Background: Robotic self-correction systems are crucial for achieving robust manipulation. Existing methods fall into two categories: (1) RL methods use reward functions to guide action correction but suffer from unstable training and require task priors; (2) MLLM methods (such as CaP and SayCan) use semantic reflection to decompose failures into subgoals but rely on predefined skill libraries and cannot provide fine-grained action correction.

Limitations of Prior Work: Semantic reflection can tell the robot "what to do" (e.g., "insert the coffee pot into the coffee machine"), but it cannot specify "how to correct the physical actions." There exists a massive abstraction gap between high-level semantics and low-level actions—subgoal-level guidance is too coarse to be directly translated into 20Hz joint control signals.

Key Challenge: MLLMs possess powerful perception and reasoning capabilities but cannot directly output high-frequency actions; diffusion policies can generate precise actions but lack high-level understanding and error-correction capabilities. There is a lack of an appropriate intermediate layer between the two.
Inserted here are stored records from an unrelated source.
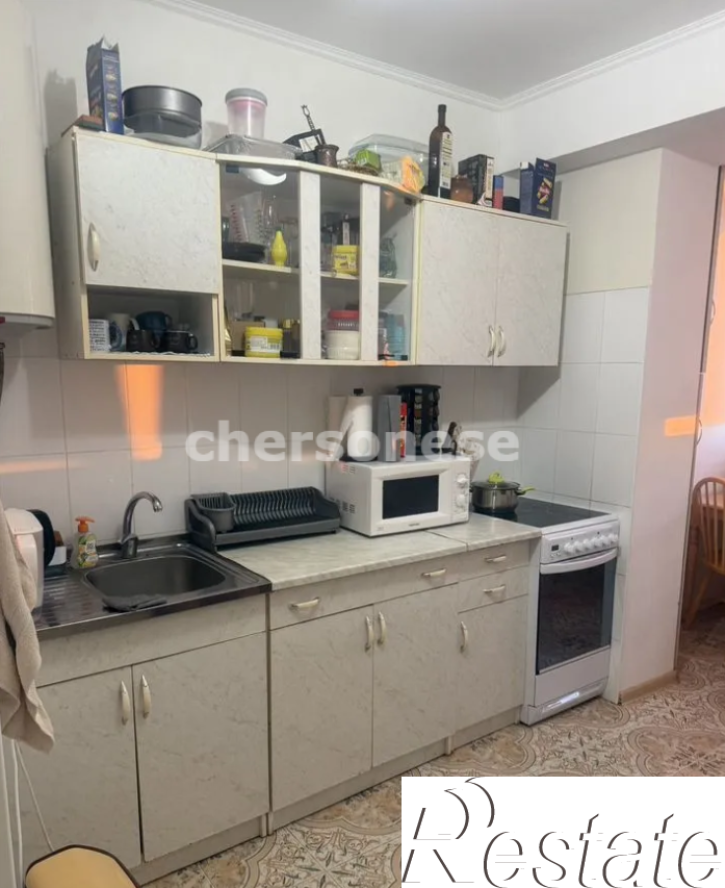 1-комн квартира улица Астана Кесаева, д.15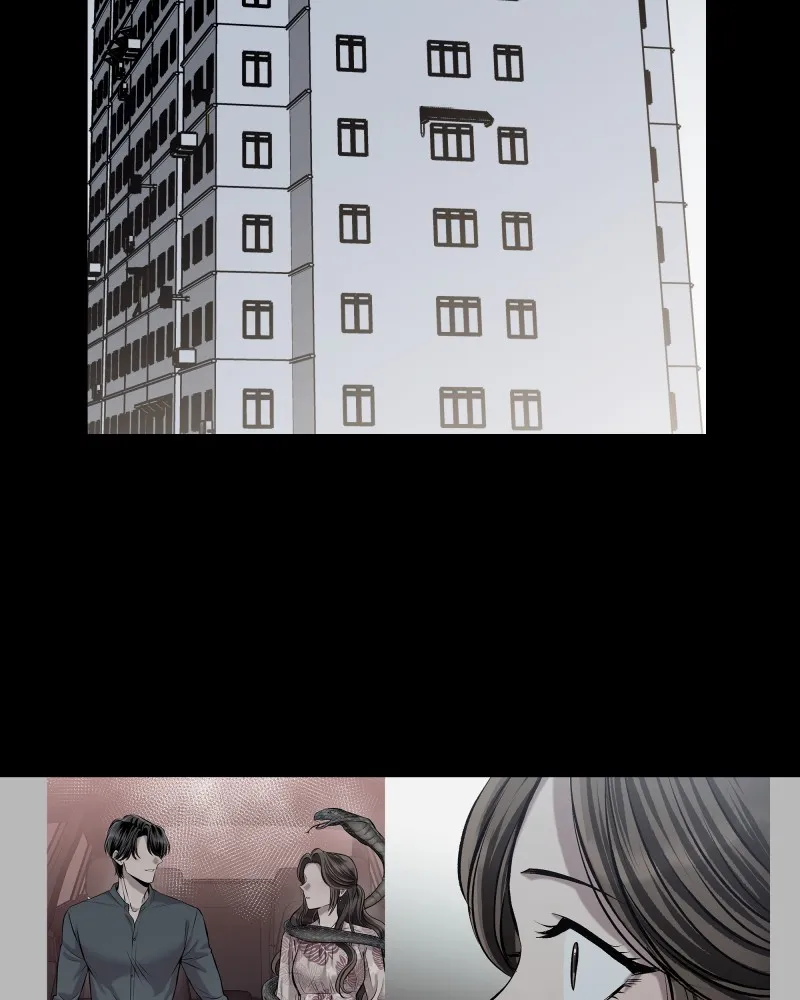 The Guy Upstairs Chapter 55 page 2 - 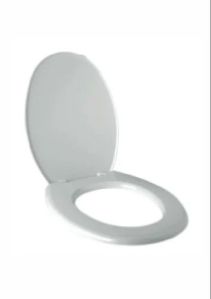 plastic toilet seat cover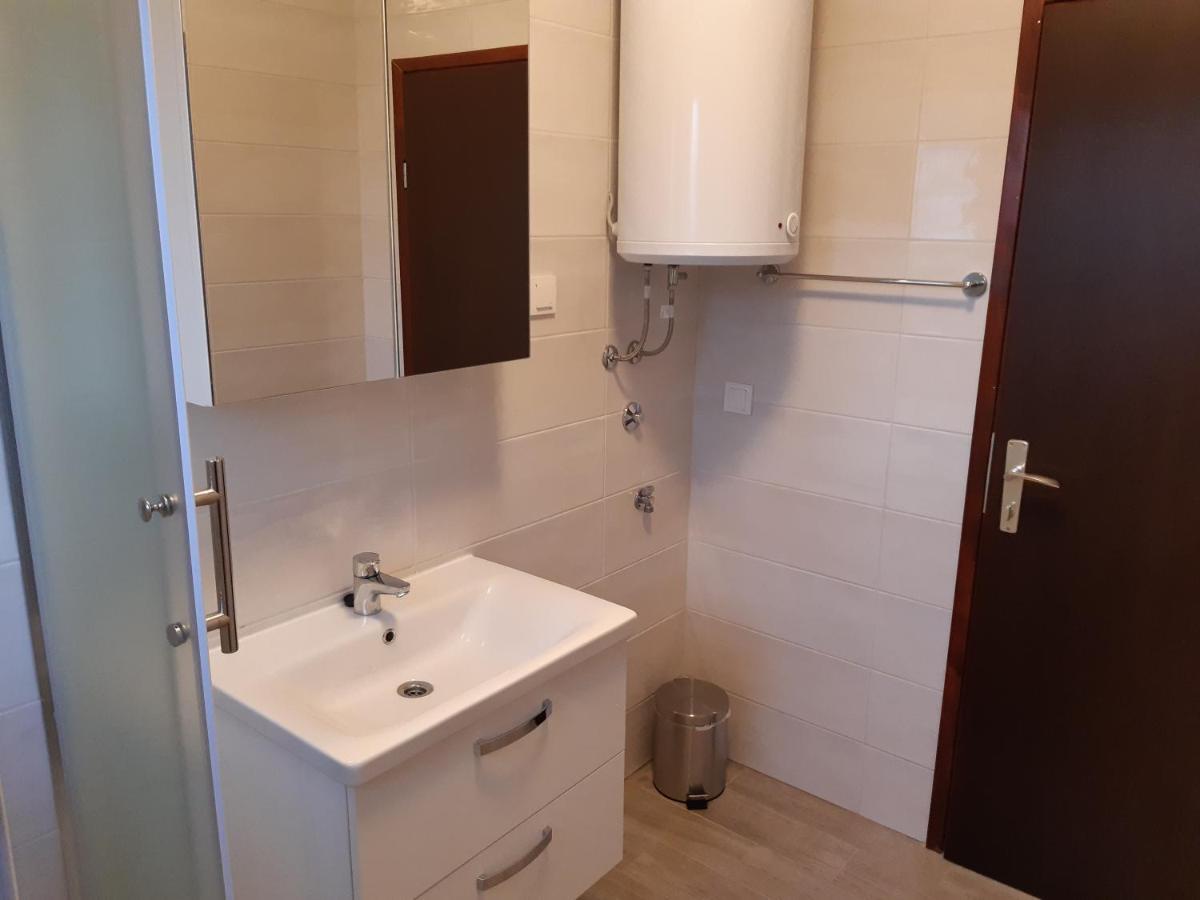 Apartman Helena Slunj Exterior photo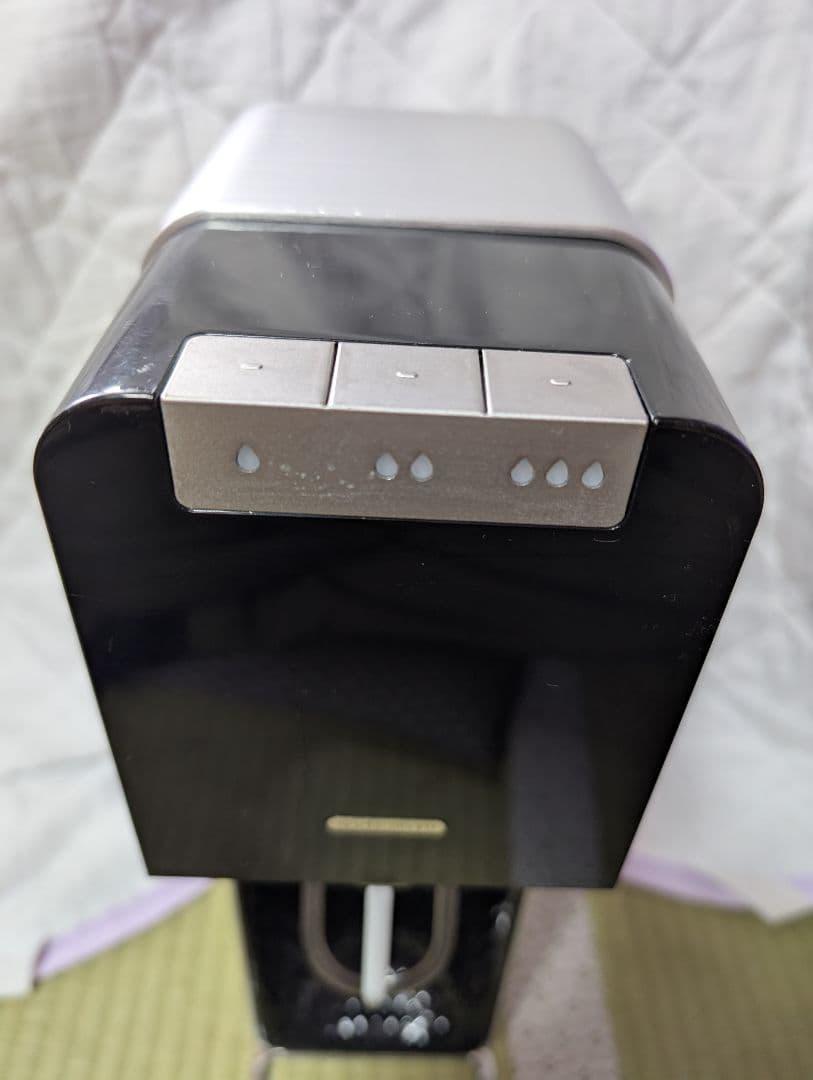 f*k様 即購入OK　SodaStream POWER ソーダストリームパワー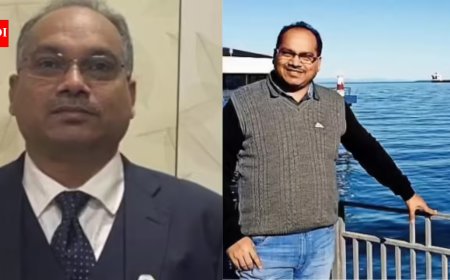 Seafarer's body expected home next week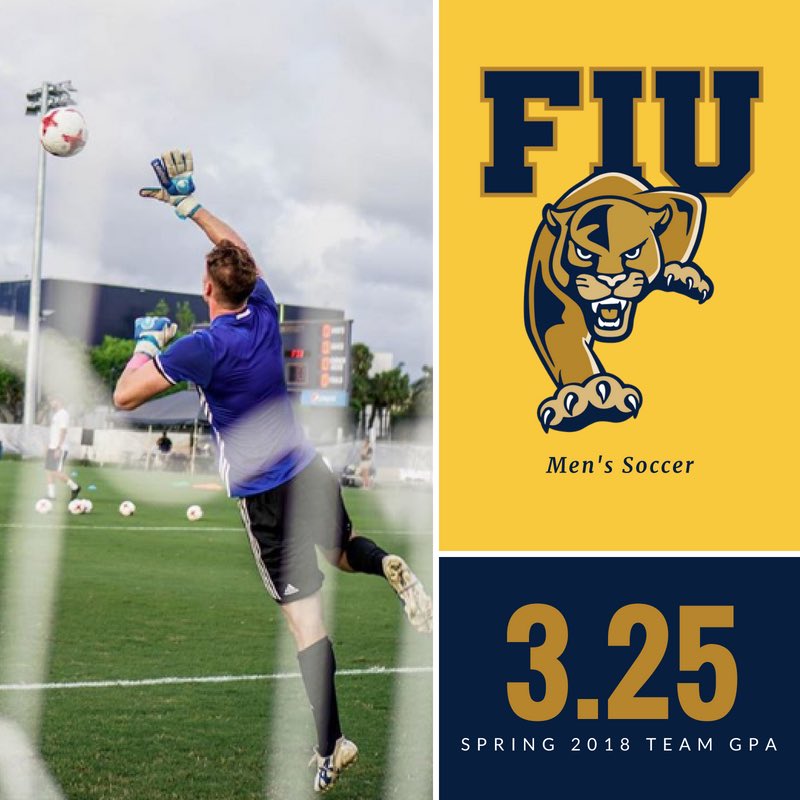 FIU_SAAC's tweet photo. A little #MondayMotivation from our @FIU STUDENT-Athletes! @FIUAthletics @ConferenceUSA @Nfoura @NACADA #AcdAdv https://t.co/kHefdN8nuO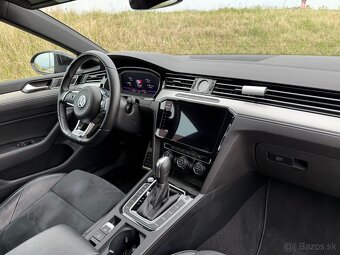 Volkswagen Arteon 2.0 TSI DSG Rline - 9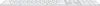 Apple Magic Keyboard with Touch ID and Numeric Keypad for Produktbild-Vorschau 3
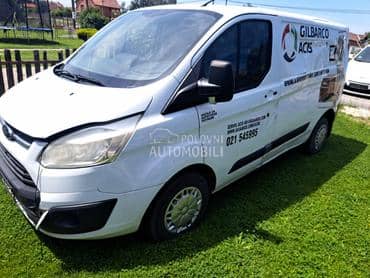 kompletan u delovima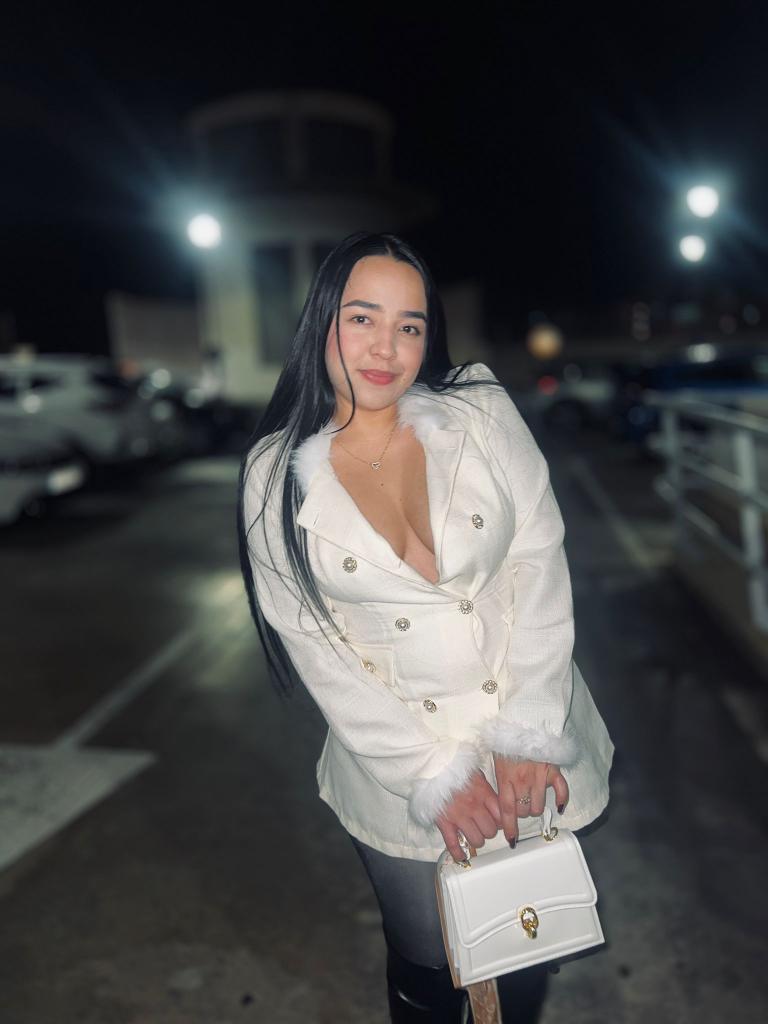 Chica busca chico en Toledo: 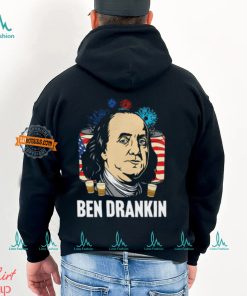 Steve Ben Drankin 2.0 Shirt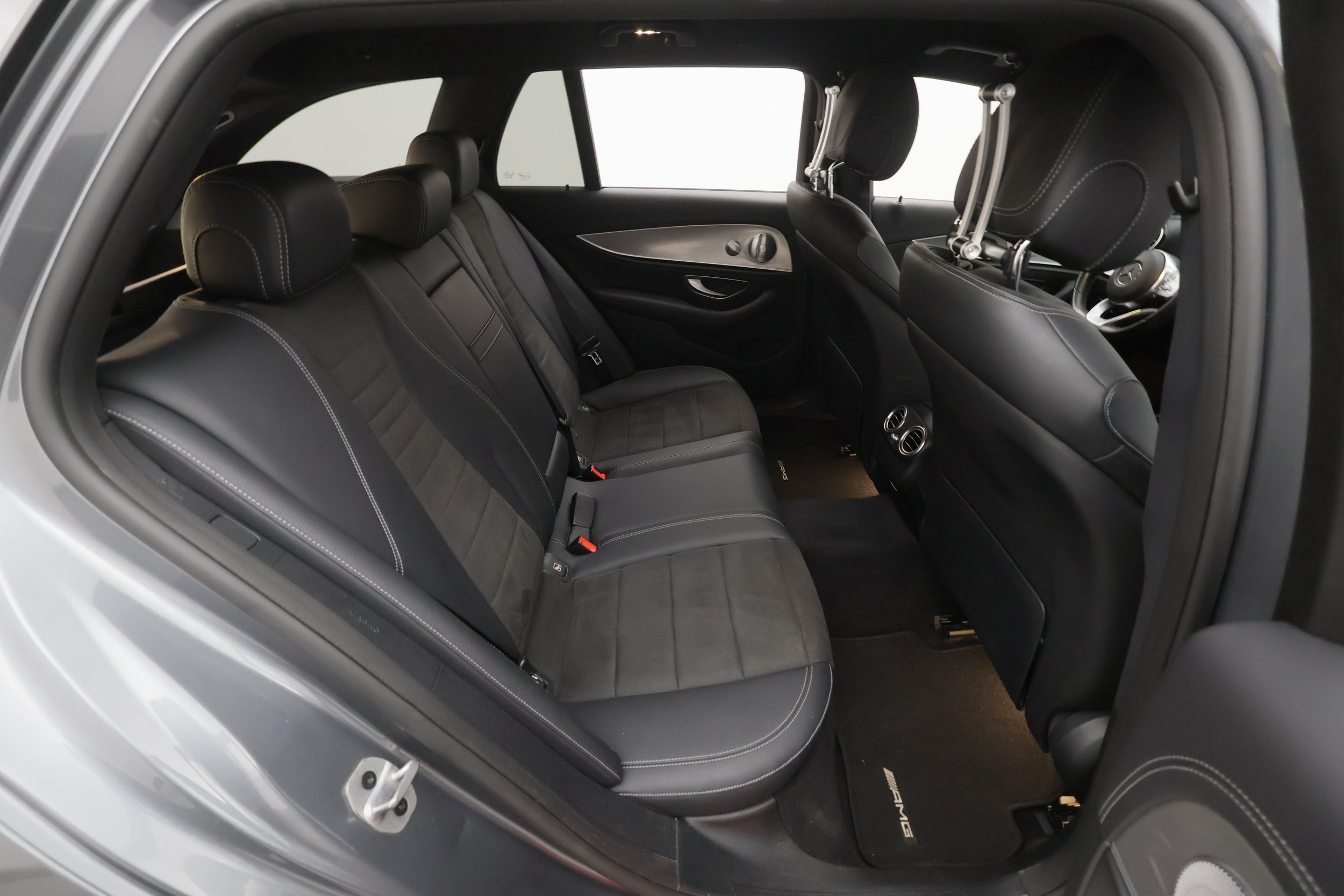 Mercedes-Benz E 2020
Goal: Design an intermediate representation layer (motion instructions) to translate the semantic reflection capabilities of MLLMs into executable, fine-grained action corrections.

Key Insight: Motion instructions (e.g., "move arm right with gripper closed") serve as a natural bridge between MLLMs and robot actions—they are abstract enough for MLLMs to comprehend and generate, yet concrete enough for diffusion policies to follow and execute.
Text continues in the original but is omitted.